Alien 3 is perhaps the most hated of all Alien sequels, though not due to its quality on a whole, but rather the way the film begins. The film opens with the death of the apparently much beloved Hicks and Newt, whose rescue had been a pivotal part of climax of the previous film. Even poor Bishop's is disconnected in a pitch black scene. That might seem a regression but it is actually a progression in terms of creating the last act of the trilogy. If the first film was defined by birth, the second by war, the third film is death. The film takes place on a bleak prison colony where all men are essentially there until they die, except for a few hapless guards, and a good natured doctor though with a troubled past. The dire place only goes grimmer with a new alien coming to life, and an accounted for face hugger. I find the film works within the context as the final act of Ripley's story, rather than as the a sequel to Aliens. It redefines itself back to a more claustrophobic thriller, though I would argue different than the original, in a way a more emotional story about accepting the end. The film is not flawless, the lame CGI would prevent it from being so, but in its assembly cut it does present an effective horror film with a powerful human story within it.
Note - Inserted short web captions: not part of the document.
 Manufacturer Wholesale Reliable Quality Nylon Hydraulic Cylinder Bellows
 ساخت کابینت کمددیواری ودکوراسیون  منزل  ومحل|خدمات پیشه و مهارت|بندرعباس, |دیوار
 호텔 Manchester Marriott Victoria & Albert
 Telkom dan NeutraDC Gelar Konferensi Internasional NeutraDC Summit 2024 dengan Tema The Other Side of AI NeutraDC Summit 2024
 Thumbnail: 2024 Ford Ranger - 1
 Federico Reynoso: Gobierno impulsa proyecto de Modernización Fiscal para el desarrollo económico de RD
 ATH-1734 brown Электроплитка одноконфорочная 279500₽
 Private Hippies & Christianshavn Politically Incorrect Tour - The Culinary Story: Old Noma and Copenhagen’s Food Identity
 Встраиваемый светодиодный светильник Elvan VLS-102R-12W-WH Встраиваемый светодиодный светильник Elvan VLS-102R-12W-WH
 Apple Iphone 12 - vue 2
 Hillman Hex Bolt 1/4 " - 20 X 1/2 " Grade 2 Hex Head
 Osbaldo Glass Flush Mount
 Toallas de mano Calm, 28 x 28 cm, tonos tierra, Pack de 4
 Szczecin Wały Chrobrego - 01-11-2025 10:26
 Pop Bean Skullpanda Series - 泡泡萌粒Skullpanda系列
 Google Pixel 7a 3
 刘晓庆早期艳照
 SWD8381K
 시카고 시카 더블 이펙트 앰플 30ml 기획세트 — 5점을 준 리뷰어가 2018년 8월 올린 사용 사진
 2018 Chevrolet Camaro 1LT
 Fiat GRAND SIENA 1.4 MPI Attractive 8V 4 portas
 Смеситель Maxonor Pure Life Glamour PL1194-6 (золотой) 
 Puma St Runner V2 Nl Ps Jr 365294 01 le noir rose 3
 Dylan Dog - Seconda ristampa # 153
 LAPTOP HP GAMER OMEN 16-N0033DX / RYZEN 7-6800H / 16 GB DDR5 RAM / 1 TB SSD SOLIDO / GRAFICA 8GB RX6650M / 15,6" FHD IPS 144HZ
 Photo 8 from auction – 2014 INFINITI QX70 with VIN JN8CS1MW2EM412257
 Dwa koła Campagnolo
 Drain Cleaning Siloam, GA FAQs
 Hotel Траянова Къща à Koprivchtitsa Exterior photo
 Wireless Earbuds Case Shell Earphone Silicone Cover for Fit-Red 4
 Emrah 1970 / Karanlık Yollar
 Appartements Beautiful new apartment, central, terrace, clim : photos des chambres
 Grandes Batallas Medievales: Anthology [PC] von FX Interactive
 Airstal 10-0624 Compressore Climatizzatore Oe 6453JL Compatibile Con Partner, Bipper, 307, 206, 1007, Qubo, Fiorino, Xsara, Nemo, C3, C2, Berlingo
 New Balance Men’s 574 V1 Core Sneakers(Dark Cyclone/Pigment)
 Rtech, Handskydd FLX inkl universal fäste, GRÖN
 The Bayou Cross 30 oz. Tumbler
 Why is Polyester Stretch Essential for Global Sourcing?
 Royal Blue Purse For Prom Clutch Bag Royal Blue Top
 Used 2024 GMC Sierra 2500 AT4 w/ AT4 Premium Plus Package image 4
This is well realized through Sigourney Weaver's incredible performance, and a memorable supporting cast including Charles Dance as the doctor, Charles S. Dutton as the spiritual leader of the prisoners, and Paul McGann as a prisoner with a particularly twisted mind. David Fincher's vision can actually be seen in the palatable atmosphere, even if there are a few times where it gets slightly muddled by obvious interference. It is not the cleanest closer to the trilogy, but I actually find it to be a fitting one in the end. I will admit though that I possibly benefited from watching this film before I ever saw Aliens, and in doing so I could only see what the film had to offer as itself.